Objectives
The objectives of our study were to review our experience in management of regional lymph nodes, in patients with carcinoma of the parotid gland, identify clinico-pathological factors predictive of neck metastases, identify neck levels pathologically positive for metastases following neck dissection and report neck recurrence rates.
Materials and Methods:
This was a single institution retrospective cohort study. We identified 266 patients with previously untreated carcinomas of the parotid gland between the years 1985- 2009. Three patients were M1 at presentation and were excluded from analysis, leaving 263 patients for the study. Patient, treatment and tumor characteristics were collected by retrospective review of patient charts. Patients were stratified by neck management into 3 groups: Observation (Obs), elective neck dissection (END) and therapeutic neck dissection (TND). The pathological positivity of each neck level was quantified for the END and TND groups. Clinico-pathological characteristics of the END group and TND group vs Obs group were compared using the Chi square test of association. Neck recurrence free survival was determined for each group using Kaplan Meier statistics.
Results:
There were 136 males and 127 females (median age 62 years). Of the 263 patients, 232 were cN0 and 31 cN+. Of the cN0 patients, 158 were selected to have neck observation and 74 END. All cN+ patients had TND. Of the END group, occult neck metastases were detected in 26 (35%) patients.
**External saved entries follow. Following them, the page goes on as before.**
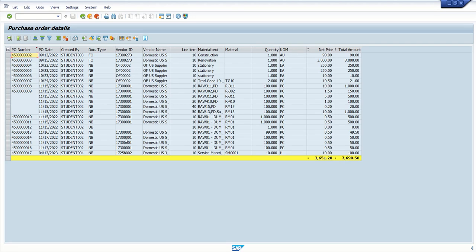Welcome back. Now we learn how to add top of page information in the ALV report. Currently when we execute a report we can directly see the output, so in between the toolbar and the output we will add some top of page information.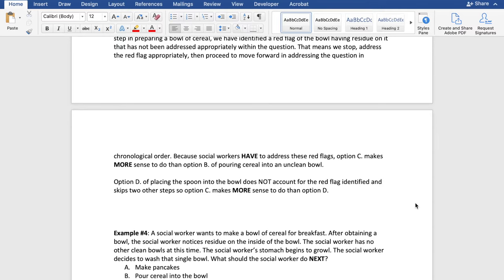As a quick side note: on the exam you technically have a 25% chance of getting it right if you were to guess, since there are four answer choices. Usually there's at least one answer we can automatically rule out, so our chances go up to a 33.3% chance. And if we can eliminate one more option, then we have a 50-50 shot at it.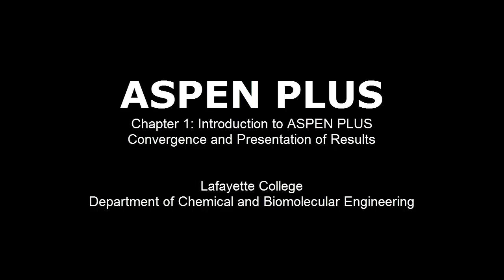This screencast provides a detailed overview of simulation convergence and presentation of results in Aspen Plus software. This video will utilize the flowsheet developed in the data input and running the simulation screencast.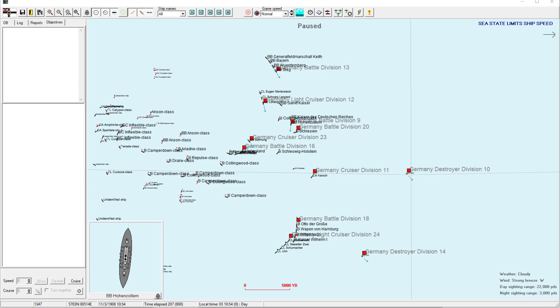Welcome back everyone to Let's Play Rule the Waves 2 as Germany, episode number 8. And really, this is the continuation of our episode 7, the Battle of Jutland.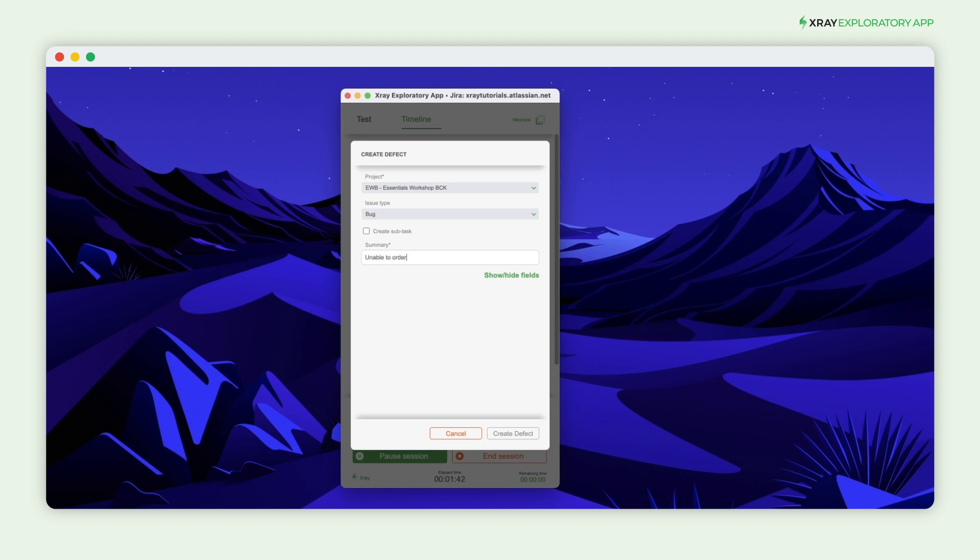To create a defect, all you have to do is define a summary and click Create Defect.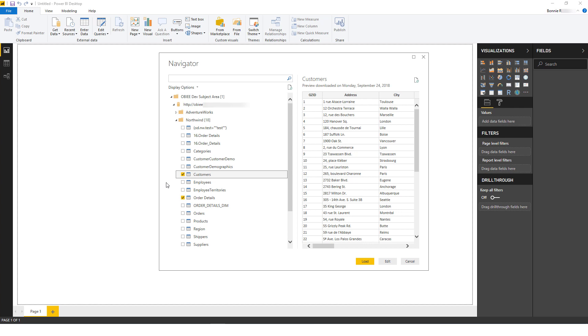Before I load the data, I first need to merge the fact and dimension tables into a single table, so that Power BI sends a single query to OBIEE rather than sending multiple queries. To do this, I'll click Edit.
The % positivity per neck level was 19.2% level I (5/26), 84.6% level II (22/26), 61.5% level III (16/26), 26.9% level IV (7/26), 15.4% level V (4/26). Of the TND group, pathological positivity was found in 86.1% patients. The % positivity per neck level was 59.3% level I (16/27), 85.2% level II (23/27), 85.2 % level III (23/27), 59.3% level IV (16/27), 44.4% level V (12/27). Compared to the observation group, the END and TND groups were more likely to be over 65 yrs of age and have clinical stage T3/4 disease. Pathology showed the END and TND groups had more aggressive histology with a greater percentage high grade, vascular invasion, perineural invasion, positive margins and pT stage. The majority of patients who were pN+ in the END group (93%) and TND group (92%) had postoperative radiation (PORT). Figure 1 outlines the management of the neck in our patient groups. The Obs group and END group (pN0) had an excellent 5yr NRFS of 98.7% and 97.3% respectively. Patients who had pathologically positive neck on END or TND had a NRFS of 88.6%.
Conclusion
Patients who are cN0 who present with clinical stage T3/4 disease or high grade histology have a high rate of occult metastases involving neck levels I-IV. Patients who are pN+ managed by END or TND followed by adjuvant PORT achieve a satisfactory NRFS of 88.6%.